3. Use research management software to file your research.

There are several free online tools that can help you store what you find during your research instead having dozens of open tabs on your browser.

A popular tool developed by and for journalists is DocumentCloud, where you can upload documents, search the text, annotate, extract data, redact and edit.

Another option, popular among academics, is Zotero. It’s a free, open-source reference management tool and can store and organize your research material, including PDF files.

You can use Zotero in a browser, but for a more powerful experience, download it and install the Zotero plugin for your browser. When you come across a study or article that you want to save, click the plugin. It will save the item to your desired Zotero folder. You can create many folders and subfolders, and also share folders. You can also highlight and annotate PDFs.

“If you’re not using a reference manager, I highly, highly recommend them,” said Gosztyla.

You can integrate Zotero to several apps and programs, including, Word, Google Docs and literature mapping tools like ResearchRabbit.

Some of the alternatives to Zotero include, Mendeley, EndNote, RefWorks and Sciwheel.    

4. Routinely read your research pile.

To stay on top of what you’re collecting, Gosztyla offered this advice:

Block out a time each week, like two hours on Fridays, to read. If you have a big pile, maybe devote a couple of days to reading.

And decide how you’re going to spend that reading time: are you going to devote it to do a deep dive, or just scan what you’ve collected, take notes and decide what to keep and what to toss.

“Maybe it’s your routine that every week you buy yourself a nice cup of coffee. You go to a certain cafe and you just read,” Gosztyla said. “So find a routine that you really look forward to and it’s something you want to do.”

5. Don’t forget to take notes while reading documents.

“Don’t ever read without highlighting or taking notes,” Gosztyla said. “Otherwise, you will forget it. I guarantee it.”

Write a small note, a blurb, on the material you read to remind you of its main takeaways and where it fits into your project. Do you need to email or interview the author with follow-up questions? Or read the authors’ previous work? Make a note of those.

In the next step, you’ll learn about organizing those notes.

6. You have collected. You have read. Now organize your work in a database.

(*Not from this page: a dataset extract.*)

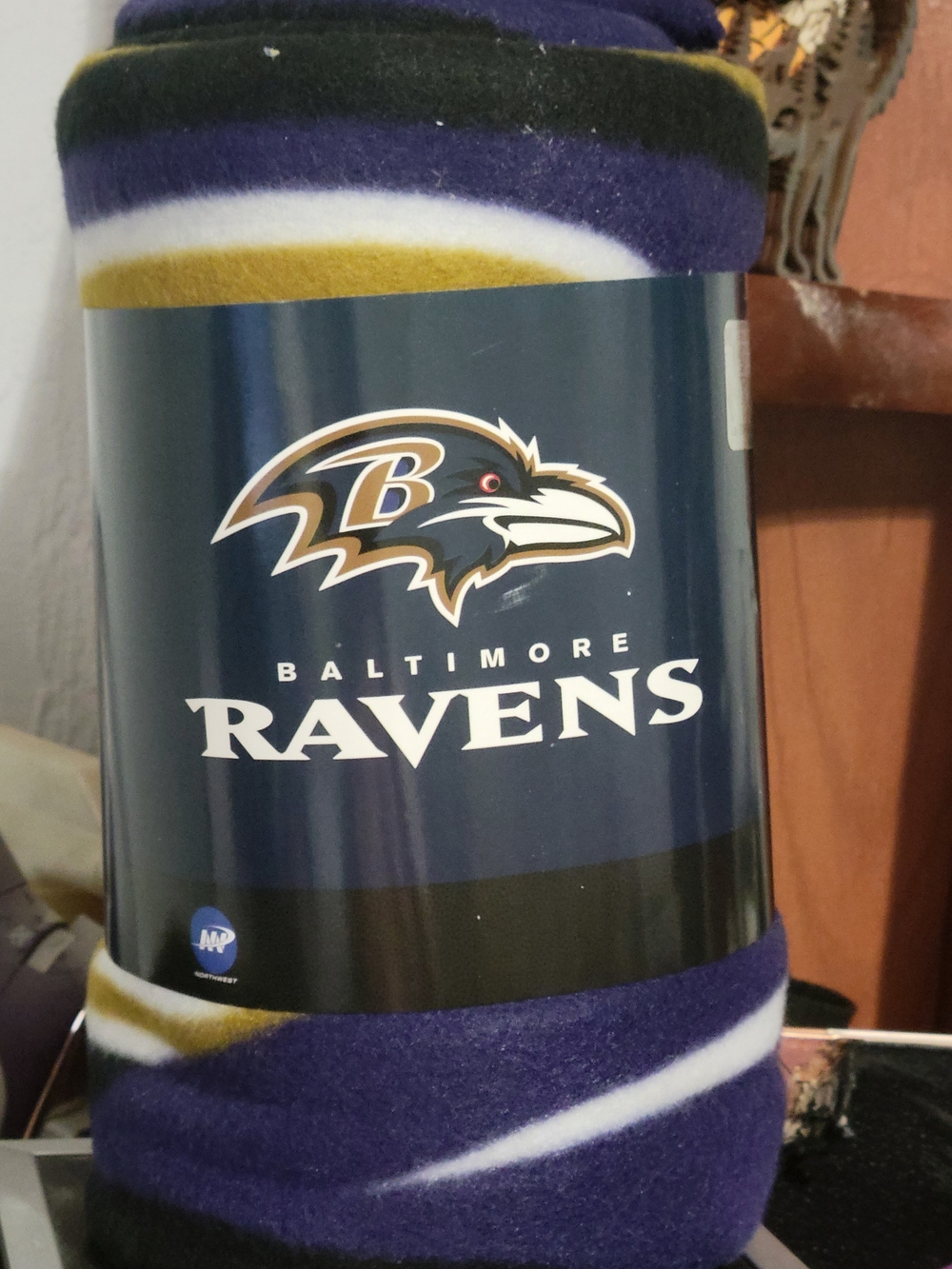 NFLNWT! Baltimore Ravens Fleece Throw - Purple/Black/Gold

Research management software can help you organize your documents, but it’s helpful to create a database of what you’ve collected, your tasks for each item, and maybe a summary and key points. You can use Google Sheets of Microsoft Excel to create your list.

If you want something other than a classic spreadsheet, you can try web applications like Notion.

Notion is a powerful program, which Gosztyla described as a “multi-use database tool.” Notion describes itself as an all-in-one workspace. You can use it to organize your research, manage projects and tasks, note-taking and even your daily journals. You can also integrate Notion with many other apps and tools.

It has a steep learning curve. Give yourself time to learn to use it before integrating it into your workflow. Notion has tutorials on YouTube and a wiki page. Gosztyla recommended Thomas Frank Explains YouTube tutorials. Frank is an author, YouTuber, and Notion expert.

Some alternatives to Notion include Airtable, Trello and Coda.

7. Go one step further with automation tools.

If you want to go a step further in your Notion journey, you can link a Zotero folder to Notion with a tool called Notero. Every time you add an item to your Zotero folder, it populates your Notion database.

Notion has many templates you can choose from. Or you can use Gosztyla’s template.

You can automate and integrate other apps too, to create a better workflow for your work. Some of the popular options are IFTTT — Short for If This Then That — which integrates apps, devices and services to create automated workflows, and Zapier, which connects web applications and allows users to create automated workflows.

Keep in mind, you don’t have to use all the tools listed above.

“Take the pieces that work for you and apply them to your life,” advised Gosztyla.